Computer Science Illuminated Chapter 10 - Operating Systems

Introduction

There are a lot of differing definitions and roles attributed to the operatings systems (OS). Likening this piece of software to the once human operators of computers (running on punch cards). A miraculous piece of software that is able to manage itself as it too uses the same CPU and memory as application processes and must take its turn alongside other programs. It can also be likened to a middle ground or intersection between the software and hardware. The OS has a myriad of roles which can be simplified to 1. “Sharing Nicely” and 2. “Interface to Hardware” (especially useful for application programmers).

The roles are:

Batch Processing

Memory Management

Operating systems must employ techniques to convert logical program addresses into actual memory addresses and track where and how a program resides in memory. To uses logical addresses we use address binding which is a mapping from a logical address to a physical address. The longer we wait to bind a logical address, the more flexibility we have.

Single Contiguous Memory Management

From secondary memory, you bring in only one program which is loaded into one contiguous chunk of main memory alongside the OS at address 0. The address binding for this is to add the starting point of the program $A$ and the logical address’s offset from this point $L$ which is $A+L$. Usually, the OS is at 0 so the application program doesn’t accidentally try to access the OS.

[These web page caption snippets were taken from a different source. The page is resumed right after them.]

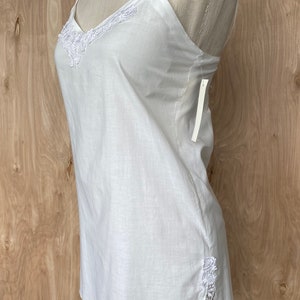 K&ouml;nnte beinhalten: Wei&szlig;es &auml;rmelloses Oberteil mit Spitzenbesatz am Ausschnitt und an den Seiten. Das Oberteil ist aus einem leichten Stoff gefertigt und hat eine lockere Passform.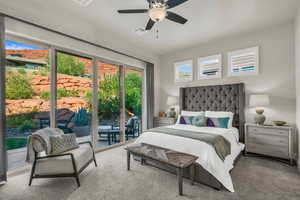 Carpeted bedroom with access to exterior and ceiling fan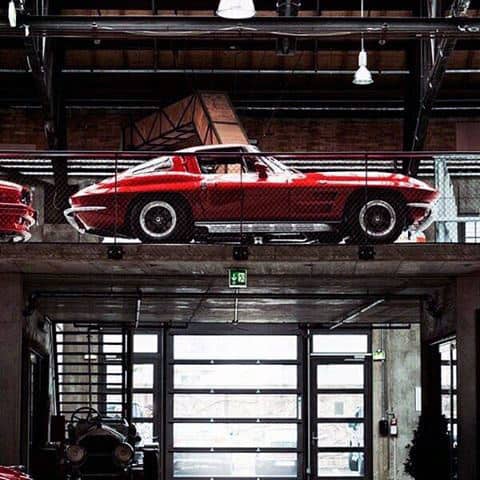 An industrial-style garage featuring a classic red Corvette displayed on a mezzanine level.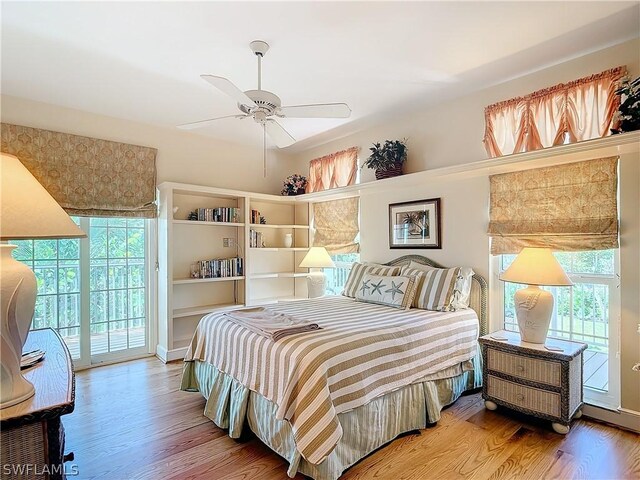 bedroom featuring access to exterior, multiple windows, ceiling fan, and hardwood / wood-style floors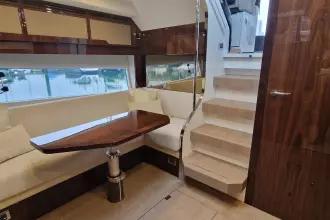 Luxurious interior of 2024 Fairline Targa 45 Open yacht with elegant seating and wooden finishes.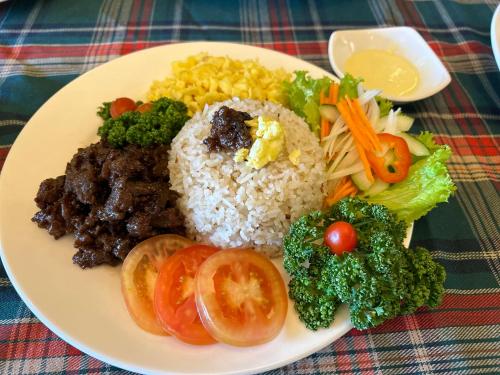 a plate of food with rice and vegetables on a table at Clark CU Hotel in Angeles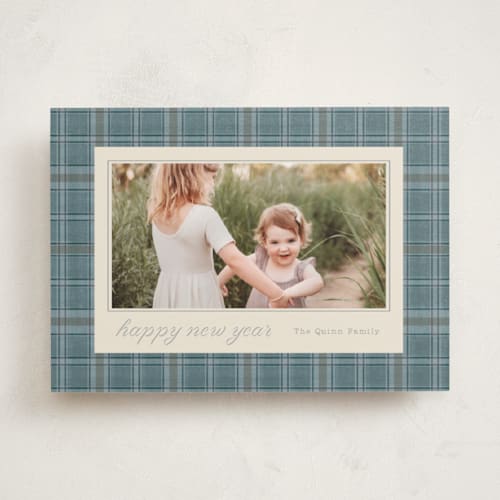 This is a powder blue holiday photo cards with standard by Baumbirdy called traditional plaid printing on recycled smooth signature in standard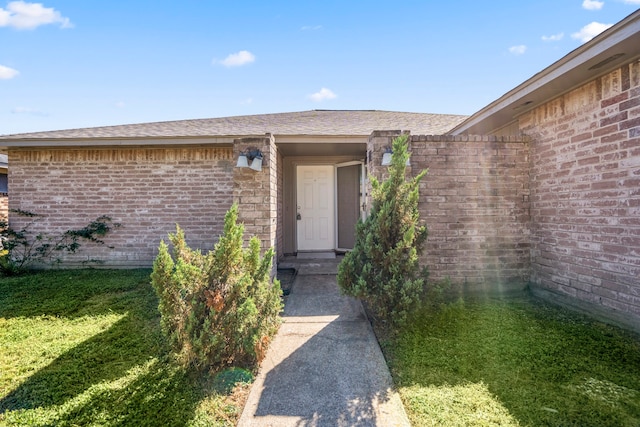 entrance to property with a lawn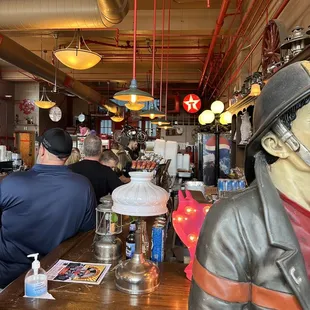 a statue of a fireman sitting at a bar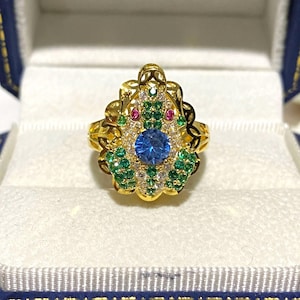 Op de afbeelding: Een gouden ring met een blauwe edelsteen omringd door kleinere groene en witte edelstenen. De ring heeft een delicaat, ingewikkeld ontwerp.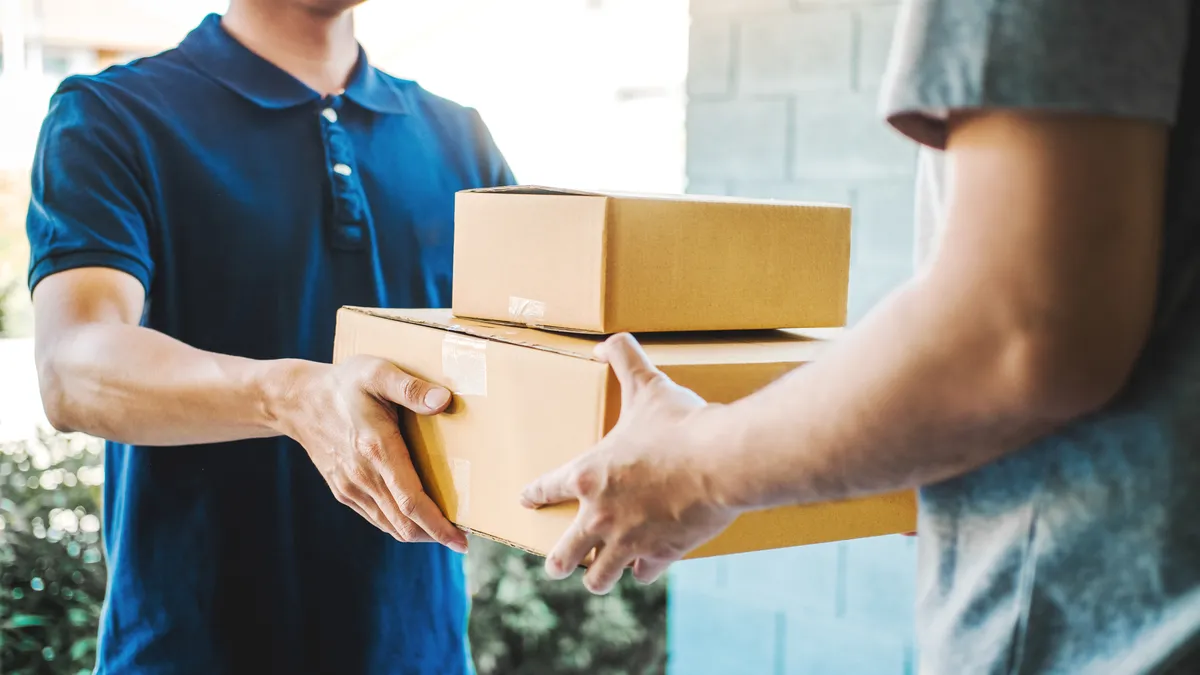 A person accepts boxes from a delivery professional.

Partition Memory Management

A better method is to have more than one program in memory at the same time, sharing memory space. Memory must be divided into more than 2 partitions unlike the previous method. Fixed partitions is where memory is divided into a specific number of partitions (partitions do not have to be the same size but their size is fixed). Dynamic partitions is where memory is divided into partitions ad hoc to accommodate programs. This is much more efficient since dynamic partition technique involves compaction where all the jobs are shuffled around in memory to create one large free partition. Address binding uses a base register for the current program being run and the bounds register holds the length. A check is then done to see if the accessing is overstepping the bounds of the partition size but is still $A+L$ as before.

Paged Memory Management

In this technique, processes are divided into fixed-size pages and stored in memory frames which are fixed-size portions of main memory when loaded. How are processes - a dynamic entity - divided into pages? They are dividing the logical address space not the dynamic entity itself which is still saved on registers which is also managed by the OS. A page-map table is maintained by the OS for each process mapping each page to its corresponding frame. The address binding is done by $<\text{page}, \text{offset}>$ where it is \(\text{page\_size} \cdot \text{page} + \text{offset}\) Demand paging is an extension where pages are brought into memory only when referenced which causes a page swap where bringing one page from secondary memory possibly causes another page to be removed. This gives rise to the concept of virtual memory - the illusion that there are no restrictions on the size of the program (all of the program does not have to be loaded into memory at once). However, too many page swaps can lead to thrashing which is quite inefficient.

Process Management

Processes move through specific states as it is managed by an OS. Process Life Cycle

The process control block (PCB) is a data structure used by the OS to manage information about a process. Each state is represented by a list of PCBs and stores the value of all CPU registers for that process (which is only one set of registers for one CPU) and contains the values of teh currently executing process. A context switch is the exchange of register information when one process is removed from the CPU and another takes its place.

CPU Scheduling

CPU scheduling that occurs when the currently executing process gives up the CPU voluntarily (from the running state to waiting state or termination) is a nonpreemptive scheduling algorithm. CPU scheduling that occurs when the OS favors another process is preemptive scheduling since the the currently running process is preempted by OS. Turnaround time is a metric that measures elapsed time between a process’s arrival in the ready state and its completion.